Caption-style text data
=== Section Start ===

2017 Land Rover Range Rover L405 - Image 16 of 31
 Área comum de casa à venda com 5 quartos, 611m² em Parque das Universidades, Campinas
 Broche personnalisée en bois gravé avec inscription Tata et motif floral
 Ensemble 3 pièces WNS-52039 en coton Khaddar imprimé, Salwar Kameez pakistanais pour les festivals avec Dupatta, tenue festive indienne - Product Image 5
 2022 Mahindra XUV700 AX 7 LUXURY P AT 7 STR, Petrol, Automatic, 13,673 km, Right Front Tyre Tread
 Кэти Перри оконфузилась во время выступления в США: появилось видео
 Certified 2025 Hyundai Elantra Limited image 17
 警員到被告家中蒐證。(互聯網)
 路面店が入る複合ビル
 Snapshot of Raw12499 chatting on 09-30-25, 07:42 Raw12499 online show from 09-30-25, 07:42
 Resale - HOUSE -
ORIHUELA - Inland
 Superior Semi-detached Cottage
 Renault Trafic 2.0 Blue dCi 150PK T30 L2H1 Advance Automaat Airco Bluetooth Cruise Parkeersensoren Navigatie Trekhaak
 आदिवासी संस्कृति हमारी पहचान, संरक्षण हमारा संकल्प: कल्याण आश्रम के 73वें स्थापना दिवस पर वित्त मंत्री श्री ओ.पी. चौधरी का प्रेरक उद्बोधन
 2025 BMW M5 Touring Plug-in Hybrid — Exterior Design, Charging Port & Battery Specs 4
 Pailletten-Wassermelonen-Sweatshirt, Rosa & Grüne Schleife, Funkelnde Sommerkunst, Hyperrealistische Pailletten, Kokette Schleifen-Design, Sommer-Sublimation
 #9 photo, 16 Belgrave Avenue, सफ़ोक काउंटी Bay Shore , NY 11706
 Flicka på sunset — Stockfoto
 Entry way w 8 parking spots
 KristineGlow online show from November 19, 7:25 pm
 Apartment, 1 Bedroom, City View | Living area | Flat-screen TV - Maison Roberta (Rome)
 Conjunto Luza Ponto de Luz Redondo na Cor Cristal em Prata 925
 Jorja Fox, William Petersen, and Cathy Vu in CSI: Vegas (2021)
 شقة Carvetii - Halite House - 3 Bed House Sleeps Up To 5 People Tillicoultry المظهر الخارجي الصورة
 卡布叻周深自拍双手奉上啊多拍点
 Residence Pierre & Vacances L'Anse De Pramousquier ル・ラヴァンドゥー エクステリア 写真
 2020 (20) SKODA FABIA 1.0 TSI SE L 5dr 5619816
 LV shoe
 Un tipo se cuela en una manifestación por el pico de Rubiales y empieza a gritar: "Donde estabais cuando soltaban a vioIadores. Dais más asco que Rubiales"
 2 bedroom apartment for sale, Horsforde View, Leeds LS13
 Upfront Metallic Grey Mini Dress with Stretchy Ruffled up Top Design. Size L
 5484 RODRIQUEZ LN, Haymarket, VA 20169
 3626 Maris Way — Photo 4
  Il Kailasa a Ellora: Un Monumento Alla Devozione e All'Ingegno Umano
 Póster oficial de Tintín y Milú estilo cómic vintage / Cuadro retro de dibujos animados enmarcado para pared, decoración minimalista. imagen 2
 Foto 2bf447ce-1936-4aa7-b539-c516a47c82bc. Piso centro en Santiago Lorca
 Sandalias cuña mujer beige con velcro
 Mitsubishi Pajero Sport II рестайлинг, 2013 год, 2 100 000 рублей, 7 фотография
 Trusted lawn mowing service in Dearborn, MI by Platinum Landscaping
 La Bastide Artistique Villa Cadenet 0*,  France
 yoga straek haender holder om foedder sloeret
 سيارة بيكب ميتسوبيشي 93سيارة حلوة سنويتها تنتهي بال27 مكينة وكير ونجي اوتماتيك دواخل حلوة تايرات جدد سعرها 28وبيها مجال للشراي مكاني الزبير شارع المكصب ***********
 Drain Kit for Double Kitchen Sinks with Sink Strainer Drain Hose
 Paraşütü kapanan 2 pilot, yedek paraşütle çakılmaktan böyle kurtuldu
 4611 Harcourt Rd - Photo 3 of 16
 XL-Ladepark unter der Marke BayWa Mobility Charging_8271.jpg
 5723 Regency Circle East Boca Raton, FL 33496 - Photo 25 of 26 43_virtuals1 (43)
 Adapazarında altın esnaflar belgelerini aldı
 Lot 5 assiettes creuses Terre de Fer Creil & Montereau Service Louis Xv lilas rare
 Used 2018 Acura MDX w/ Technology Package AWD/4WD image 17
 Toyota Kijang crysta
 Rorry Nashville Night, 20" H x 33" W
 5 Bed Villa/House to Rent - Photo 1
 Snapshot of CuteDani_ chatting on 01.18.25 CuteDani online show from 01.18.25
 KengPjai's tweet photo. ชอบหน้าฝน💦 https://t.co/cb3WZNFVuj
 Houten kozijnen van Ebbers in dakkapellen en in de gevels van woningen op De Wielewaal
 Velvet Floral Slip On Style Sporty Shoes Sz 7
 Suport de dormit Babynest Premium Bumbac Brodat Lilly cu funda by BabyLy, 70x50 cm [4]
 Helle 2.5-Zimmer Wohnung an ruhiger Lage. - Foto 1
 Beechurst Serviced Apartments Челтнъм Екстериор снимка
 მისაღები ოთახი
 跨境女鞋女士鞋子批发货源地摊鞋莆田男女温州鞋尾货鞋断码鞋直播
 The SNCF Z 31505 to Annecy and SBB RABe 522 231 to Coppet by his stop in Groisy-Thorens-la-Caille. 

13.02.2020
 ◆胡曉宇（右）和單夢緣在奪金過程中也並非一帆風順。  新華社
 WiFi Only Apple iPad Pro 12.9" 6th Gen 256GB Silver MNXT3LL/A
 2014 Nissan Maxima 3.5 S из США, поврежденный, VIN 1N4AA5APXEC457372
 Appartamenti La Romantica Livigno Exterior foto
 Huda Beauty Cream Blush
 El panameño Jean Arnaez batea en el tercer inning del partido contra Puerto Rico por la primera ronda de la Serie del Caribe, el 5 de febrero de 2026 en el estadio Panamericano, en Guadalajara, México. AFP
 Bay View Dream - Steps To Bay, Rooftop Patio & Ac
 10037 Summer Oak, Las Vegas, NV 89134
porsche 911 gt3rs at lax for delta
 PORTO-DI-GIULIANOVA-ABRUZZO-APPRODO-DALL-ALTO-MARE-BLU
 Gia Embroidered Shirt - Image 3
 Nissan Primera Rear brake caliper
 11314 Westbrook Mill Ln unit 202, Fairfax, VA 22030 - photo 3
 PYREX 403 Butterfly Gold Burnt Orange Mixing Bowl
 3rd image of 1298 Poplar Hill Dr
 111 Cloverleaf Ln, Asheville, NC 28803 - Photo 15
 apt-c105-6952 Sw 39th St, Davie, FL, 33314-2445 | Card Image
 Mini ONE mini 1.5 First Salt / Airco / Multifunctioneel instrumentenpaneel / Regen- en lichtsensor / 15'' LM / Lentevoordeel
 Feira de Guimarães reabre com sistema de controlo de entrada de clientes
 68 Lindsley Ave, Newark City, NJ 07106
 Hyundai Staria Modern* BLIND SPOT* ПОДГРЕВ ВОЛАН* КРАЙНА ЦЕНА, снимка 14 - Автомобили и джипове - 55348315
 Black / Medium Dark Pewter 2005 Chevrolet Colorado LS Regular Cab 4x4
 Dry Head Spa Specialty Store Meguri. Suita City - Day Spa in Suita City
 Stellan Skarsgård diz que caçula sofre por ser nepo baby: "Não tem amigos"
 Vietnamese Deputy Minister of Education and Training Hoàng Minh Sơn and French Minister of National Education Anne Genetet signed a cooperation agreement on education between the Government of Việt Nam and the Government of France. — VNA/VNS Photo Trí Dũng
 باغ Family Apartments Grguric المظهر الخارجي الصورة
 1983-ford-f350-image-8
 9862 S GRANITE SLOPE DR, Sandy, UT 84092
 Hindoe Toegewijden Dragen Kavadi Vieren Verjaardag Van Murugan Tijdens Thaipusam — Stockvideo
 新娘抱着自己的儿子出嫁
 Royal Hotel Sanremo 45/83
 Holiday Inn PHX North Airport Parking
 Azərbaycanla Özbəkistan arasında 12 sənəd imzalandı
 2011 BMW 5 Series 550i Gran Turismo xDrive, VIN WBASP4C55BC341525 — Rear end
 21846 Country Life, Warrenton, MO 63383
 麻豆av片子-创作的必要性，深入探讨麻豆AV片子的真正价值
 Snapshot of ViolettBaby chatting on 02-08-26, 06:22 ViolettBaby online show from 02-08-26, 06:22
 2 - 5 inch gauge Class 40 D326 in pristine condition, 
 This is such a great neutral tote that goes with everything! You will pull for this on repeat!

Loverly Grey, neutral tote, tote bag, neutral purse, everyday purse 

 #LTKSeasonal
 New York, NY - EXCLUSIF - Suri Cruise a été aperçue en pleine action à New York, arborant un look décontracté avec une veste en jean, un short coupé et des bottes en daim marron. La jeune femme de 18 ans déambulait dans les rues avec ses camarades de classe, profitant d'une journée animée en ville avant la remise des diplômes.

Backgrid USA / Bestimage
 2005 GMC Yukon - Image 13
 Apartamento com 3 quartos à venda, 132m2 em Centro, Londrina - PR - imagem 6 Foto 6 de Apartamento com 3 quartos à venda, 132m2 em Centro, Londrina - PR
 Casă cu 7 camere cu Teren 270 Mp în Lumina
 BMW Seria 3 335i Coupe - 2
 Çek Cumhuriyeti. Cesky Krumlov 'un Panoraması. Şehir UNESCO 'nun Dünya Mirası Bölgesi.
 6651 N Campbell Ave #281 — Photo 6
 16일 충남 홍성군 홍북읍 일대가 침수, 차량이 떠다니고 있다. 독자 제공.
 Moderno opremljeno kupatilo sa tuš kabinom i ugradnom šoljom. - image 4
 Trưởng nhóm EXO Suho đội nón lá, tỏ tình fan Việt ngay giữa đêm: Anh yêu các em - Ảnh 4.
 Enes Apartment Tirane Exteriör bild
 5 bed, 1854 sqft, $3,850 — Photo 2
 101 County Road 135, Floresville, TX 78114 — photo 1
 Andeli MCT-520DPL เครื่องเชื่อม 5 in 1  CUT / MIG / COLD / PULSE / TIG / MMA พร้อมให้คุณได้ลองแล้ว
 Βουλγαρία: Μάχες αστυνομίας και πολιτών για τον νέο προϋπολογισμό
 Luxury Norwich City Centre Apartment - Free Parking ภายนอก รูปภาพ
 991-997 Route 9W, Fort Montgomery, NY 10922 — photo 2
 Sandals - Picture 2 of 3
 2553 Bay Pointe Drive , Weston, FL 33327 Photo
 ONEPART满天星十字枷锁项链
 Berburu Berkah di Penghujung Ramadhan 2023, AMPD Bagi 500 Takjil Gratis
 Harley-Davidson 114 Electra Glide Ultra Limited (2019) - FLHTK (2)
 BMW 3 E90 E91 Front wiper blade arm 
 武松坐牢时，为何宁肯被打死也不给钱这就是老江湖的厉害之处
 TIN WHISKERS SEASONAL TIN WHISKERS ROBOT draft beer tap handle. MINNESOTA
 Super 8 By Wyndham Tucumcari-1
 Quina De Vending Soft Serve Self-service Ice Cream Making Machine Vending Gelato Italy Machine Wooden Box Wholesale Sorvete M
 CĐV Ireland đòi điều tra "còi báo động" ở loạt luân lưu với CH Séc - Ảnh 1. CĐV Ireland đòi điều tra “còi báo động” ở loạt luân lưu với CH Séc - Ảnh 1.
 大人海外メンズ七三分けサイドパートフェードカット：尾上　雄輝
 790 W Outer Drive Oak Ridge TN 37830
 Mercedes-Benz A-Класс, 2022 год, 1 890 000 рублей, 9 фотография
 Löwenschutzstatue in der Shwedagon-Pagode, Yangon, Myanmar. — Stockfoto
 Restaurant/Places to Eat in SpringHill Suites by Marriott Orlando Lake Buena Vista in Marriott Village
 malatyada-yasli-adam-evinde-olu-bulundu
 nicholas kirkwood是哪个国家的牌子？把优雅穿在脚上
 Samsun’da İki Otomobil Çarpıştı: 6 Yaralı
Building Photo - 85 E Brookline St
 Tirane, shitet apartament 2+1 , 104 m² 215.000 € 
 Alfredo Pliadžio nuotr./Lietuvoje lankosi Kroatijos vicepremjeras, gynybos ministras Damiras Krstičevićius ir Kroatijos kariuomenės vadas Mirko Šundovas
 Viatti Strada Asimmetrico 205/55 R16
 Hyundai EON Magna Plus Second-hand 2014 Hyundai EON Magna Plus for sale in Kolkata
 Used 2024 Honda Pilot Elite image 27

=== Section End ===

Required action:
Go through the records above, find every line with the word "venda", and list those lines.

Result of the exercise:
 Área comum de casa à venda com 5 quartos, 611m² em Parque das Universidades, Campinas
 Apartamento com 3 quartos à venda, 132m2 em Centro, Londrina - PR - imagem 6 Foto 6 de Apartamento com 3 quartos à venda, 132m2 em Centro, Londrina - PR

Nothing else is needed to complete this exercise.